**Task directions**
Before copying, find the line below that contains "Scenic aerial view"; then return it and all later lines exactly, up to and including the final line, with no pictures.

*** Raw data ***

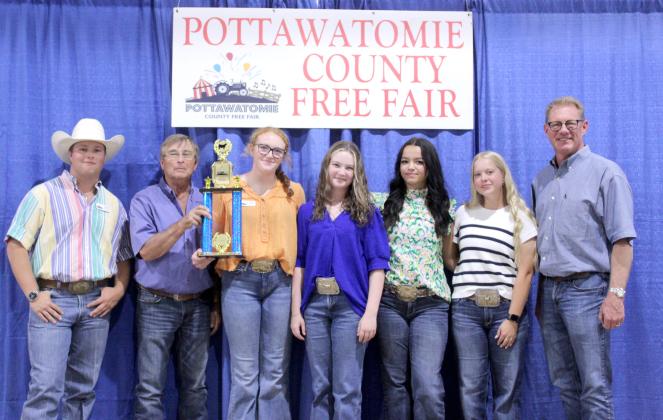 The Beef Herdsman Award, sponsored by the Pottawatomie County Cattlemen's Association, went to Bethel FFA and 4-H during the Pottawatomie County Free Fair Awards on Sept. 6. Shown, from left, are Cayden Carpenter, Fair Board member Lynn Marlow, Grace Loman, Taycie Baker, Makenzie Sullivan, Quinn Carpenter and Fair Board member Rex Anderson.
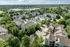 Scenic aerial view of modern apartment complex nestled in lush greenery, offering serene living with convenient city access.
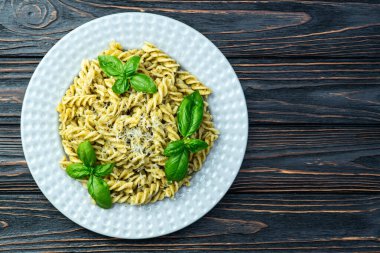 Fesleğen soslu makarna. İtalyan yemek fotoğrafçılığı. Kırsal arkaplanda üst görünüm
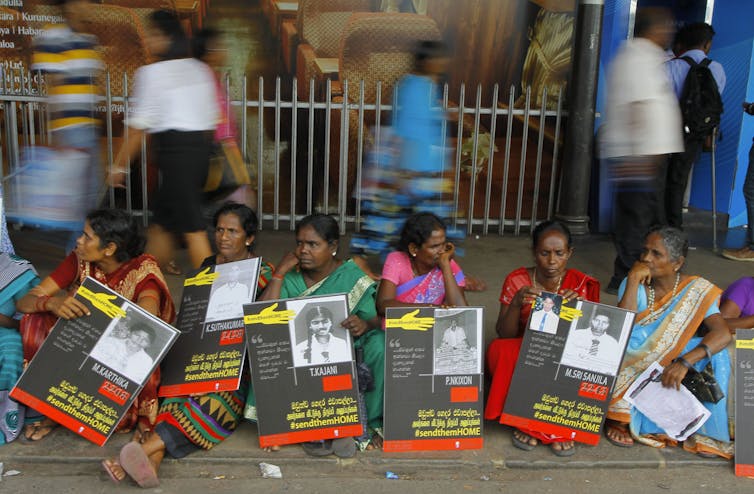 Women sit holding signs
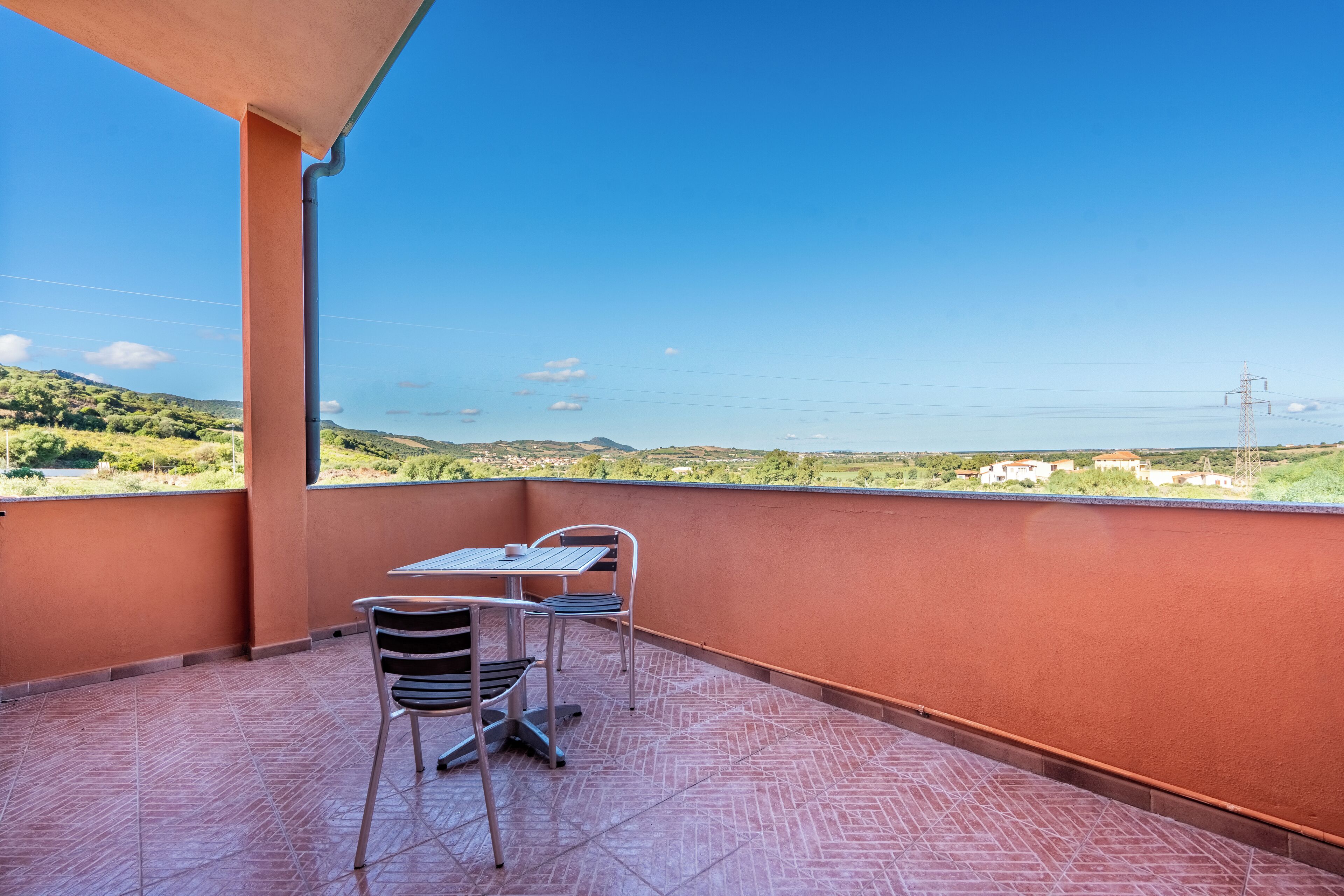 Un balcón con mesa y sillas, con vistas a un paisaje pintoresco con colinas y una lejana vista de agua.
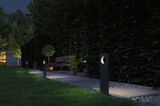 Modern black metal garden lights illuminate pathway with bench and plants at night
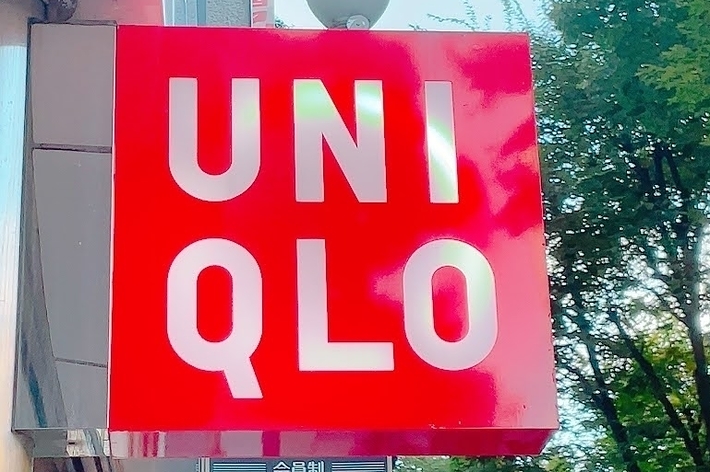A red Uniqlo sign is mounted on a building, with trees visible in the background. A smaller sign below has Japanese text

*** End of Raw data ***

**Output**
 Scenic aerial view of modern apartment complex nestled in lush greenery, offering serene living with convenient city access.
 Fesleğen soslu makarna. İtalyan yemek fotoğrafçılığı. Kırsal arkaplanda üst görünüm
 Women sit holding signs
 Un balcón con mesa y sillas, con vistas a un paisaje pintoresco con colinas y una lejana vista de agua.
 Modern black metal garden lights illuminate pathway with bench and plants at night
A red Uniqlo sign is mounted on a building, with trees visible in the background. A smaller sign below has Japanese text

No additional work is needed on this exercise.